ExtractCgMLST - Determine the set of loci that constitute the core genome

Requirements to define a core genome MLST (cgMLST) schema

cgMLST schemas are defined as the set of loci that are present in all strains under analysis or, due to sequencing/assembly limitations, >95% of strains analyzed. In order to have a robust definition of a cgMLST schema for a given bacterial species, a set of representative strains of the diversity of a given species should be selected. Furthermore, since cgMLST schema definition is based on pre-defined thresholds, only when a sufficient number of strains have been analyzed can the cgMLST schema be considered stable. This number will always depend on the population structure and diversity of the species in question, with non-recombinant monomorphic species possibly requiring a smaller number of strais to define cgMLST schemas than panmictic highly recombinogenic species that are prone to have large numbers of accessory genes and mobile genetic elements. It is also important to refer that the same strategy described here can be used to defined lineage specific schemas for more detailed analysis within a given bacterial lineage. Also, by definition, all the loci that are not considered core genome, can be classified as being part of an accessory genome MLST (agMLST) schema.

Determine the loci that constitute the cgMLST

Determine the set of loci that constitute the core genome based on loci presence thresholds.

Basic Usage

chewBBACA.py ExtractCgMLST -i /path/to/AlleleCallResultsFolder/results_alleles.tsv -o /path/to/OutputFolder

Parameters

-i, --input-file       (Required) Path to the TSV file that contains the allelic profiles determined
                       by the AlleleCall module.

-o, --output-directory (Required) Path to the directory where the process will store the output
                       files.

--t, --threshold       (Optional) Genes that constitute the core genome must be in a proportion
                       of genomes that is at least equal to this value.
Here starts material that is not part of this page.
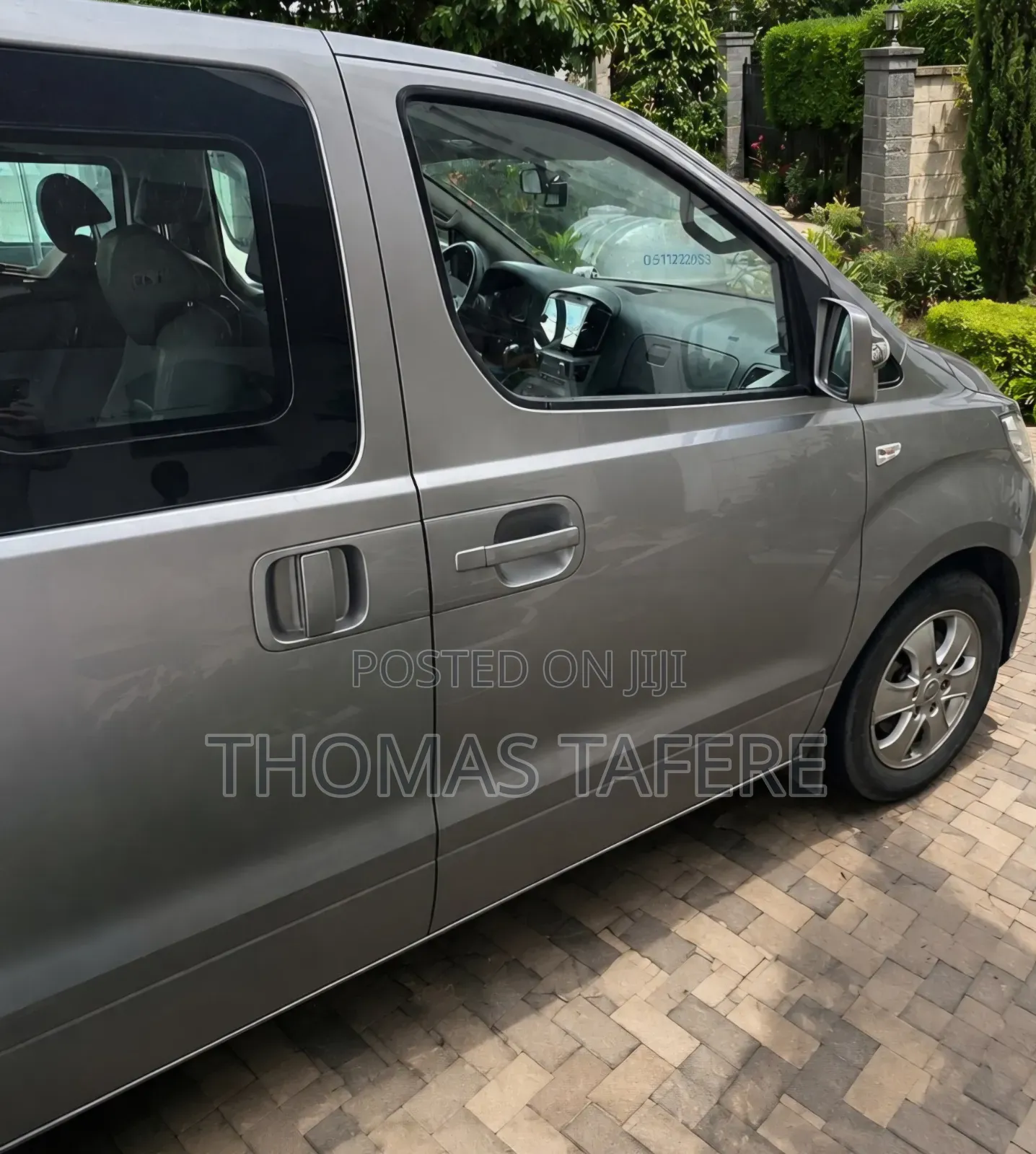 Hyundai Staria 2022 Silver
Users can provide multiple
                       values to compute the core genome for multiple threshold values (default:
                       [0.95, 0.99, 1]).

--s, --step            (Optional) The allele calling results are processed iteratively to evaluate
                       the impact of adding subsets of the results in computing the core genome. The
                       step value controls the number of profiles added in each iteration until all
                       profiles are included (default: 1).

--r, --genes2remove    (Optional) Path to a file with a list of gene IDs to exclude from the
                       analysis (one gene identifier per line) (default: False).

--g, --genomes2remove  (Optional) Path to a file with a list of genome IDs to exclude from
                       the analysis (one genome identifier per line) (default: False).

Outputs

The output folder contains 3 files:

  • Presence_Abscence.tsv - allele presence and absence matrix (1 or 0, respectively) for all the loci found in the -i file (excluding the loci and genomes that were flagged to be excluded).

  • mdata_stats.tsv - total number and percentage of loci missing from each genome.

  • cgMLST<threshold>.tsv - a file for each specified threshold that contains the matrix with the allelic profiles for the cgMLST (already excluding the list of loci and list of genomes passed to the --r and --g parameters, respectively).

  • cgMLSTschema<threshold>.txt - a file for each specified threshold that contains the list of loci that constitute the cgMLST schema.

  • cgMLST.html - HTML file with a line plot for the number of loci in the cgMLST per threshold. Also includes a black line with the number of loci present in each genome that is added to the analysis.

Important

The ExtractCgMLST module converts/masks all non-integer classifications in the profile matrix to 0 and removes all the INF- prefixes.

Example of the plot created by the ExtractCgMLST module based on the allelic profiles for 680 Streptococcus agalactiae genomes:

../../_images/cgMLST_docs.png

Important

The cgMLSTschema<threshold>.txt file can be passed to the --gl parameter of the AlleleCall module to perform allele calling only for the loci in the cgMLST schema.

Note

The matrix with allelic profiles created by the ExtractCgMLST process can be imported into PHYLOViZ to visualize and explore typing results.